In the Philippines, women and children are subjected to sexual exploitation in brothels, bars, and massage parlours, online, as well as in the production of pornography. The Philippines is an international hub for prostitution and commercial sex tourism – a highly profitable business for organised criminal syndicates. The demand for sex with children among both local and foreign men has continued to fuel child sex tourism. Rising internet usage rates, the availability of mobile phones and poverty has fostered online child sexual exploitation. Remy was 12 years old when she ran away from a verbally and sexually abusive family. During a night out with friends she was introduced to a man who offered her a job in a club in Cotabato City. Upon arrival Remy was sold to the manager of a sex club where she was forced to provide sexual services for men under the threat of violence. Feeling hopeless, Remy was finally rescued by police when trouble at the club led the manager to move her and others to Cebu City.

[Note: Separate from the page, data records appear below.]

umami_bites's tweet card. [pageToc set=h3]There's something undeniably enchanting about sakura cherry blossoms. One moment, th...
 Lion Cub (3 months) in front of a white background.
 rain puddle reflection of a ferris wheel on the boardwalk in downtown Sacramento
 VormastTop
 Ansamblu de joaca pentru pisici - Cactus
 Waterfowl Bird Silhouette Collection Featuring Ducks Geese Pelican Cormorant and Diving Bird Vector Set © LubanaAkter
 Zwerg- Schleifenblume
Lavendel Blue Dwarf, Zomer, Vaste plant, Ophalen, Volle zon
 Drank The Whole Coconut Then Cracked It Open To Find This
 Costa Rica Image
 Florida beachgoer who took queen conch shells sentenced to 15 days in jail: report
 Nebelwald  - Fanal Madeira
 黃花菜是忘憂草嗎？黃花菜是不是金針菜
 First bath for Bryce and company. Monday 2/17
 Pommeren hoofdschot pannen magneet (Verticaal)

Sex trafficking is a form of modern slavery that exists throughout the United States. Traffickers use violence, threats, lies, debt bondage and other forms of coercion to compel adults and children to engage in commercial sex acts against their will. Young people who run away from home are particularly vulnerable to sexual exploitation by traffickers. The Department of Justice estimates that 293,000 youth are at risk. The National Center for Missing and Exploited Children (NCMEC) estimates that “1 in 5 of the 11,800 runways reported to the National Center for Missing & Exploited Children in 2015 were likely sex trafficking victims. Laura had run away from home at a young age and been involved in prostitution since the age of 15 years old. At 17 years old she met 'Robert' who held her hostage, forced her to prostitute for his clients and subjected her to physical abuse. It was during an altercation between 'Robert' and a client that Laura was able to escape, later testifying against 'Robert' in court.